Brief. Reproduce the listing below precisely, leaving every line intact.

Information shown.
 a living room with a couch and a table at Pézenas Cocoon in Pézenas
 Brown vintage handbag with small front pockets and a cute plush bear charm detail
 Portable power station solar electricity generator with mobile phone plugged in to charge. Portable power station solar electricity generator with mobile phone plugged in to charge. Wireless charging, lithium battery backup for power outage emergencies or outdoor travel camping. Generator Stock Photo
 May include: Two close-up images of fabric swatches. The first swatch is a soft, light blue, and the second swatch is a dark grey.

Reply to the task.
 a living room with a couch and a table at Pézenas Cocoon in Pézenas
 Brown vintage handbag with small front pockets and a cute plush bear charm detail
 Portable power station solar electricity generator with mobile phone plugged in to charge. Portable power station solar electricity generator with mobile phone plugged in to charge. Wireless charging, lithium battery backup for power outage emergencies or outdoor travel camping. Generator Stock Photo
 May include: Two close-up images of fabric swatches. The first swatch is a soft, light blue, and the second swatch is a dark grey.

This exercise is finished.